Artistic Intrusions (essay for How Magazine, June 2000)
When I moved into my newly converted workspace recently, I faced what everyone who has ever had any construction done for them faces: it wasn't finished. On top of that my builder, still banging away while I was trying to work, expressed his dismay that I didn't have any music on. I always give the same reason: there's no music, because I might actually listen to it.

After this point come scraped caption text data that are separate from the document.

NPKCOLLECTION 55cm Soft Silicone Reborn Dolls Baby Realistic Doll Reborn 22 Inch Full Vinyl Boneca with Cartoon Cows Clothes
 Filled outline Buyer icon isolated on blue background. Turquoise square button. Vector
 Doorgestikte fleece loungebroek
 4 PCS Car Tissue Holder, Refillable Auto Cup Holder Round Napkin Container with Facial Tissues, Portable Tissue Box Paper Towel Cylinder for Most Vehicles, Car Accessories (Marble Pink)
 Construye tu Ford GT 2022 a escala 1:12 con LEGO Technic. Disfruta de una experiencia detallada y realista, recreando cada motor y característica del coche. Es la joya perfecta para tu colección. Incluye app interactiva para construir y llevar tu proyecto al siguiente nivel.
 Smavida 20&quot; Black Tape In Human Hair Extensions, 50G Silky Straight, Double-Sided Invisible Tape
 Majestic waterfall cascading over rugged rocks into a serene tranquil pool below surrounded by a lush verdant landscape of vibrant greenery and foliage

This is odd, because while I'm unable to listen to music and write or draw at the same time, I do believe that having two (or more) jobs going at once is a benefit—the jobs feed off one another in sometimes subtle, sometimes obvious ways. Right now I'm working on a manual for a sailboat company (how to set up the rigging, and so on), a logo for a new dot com start-up, a short animated film explaining the relative size of the national debt compared to this year's federal surplus, an explanation of how to find and set up the perfect campsite, and two self-help books on diagnostic tests for men and women, as well as this short article.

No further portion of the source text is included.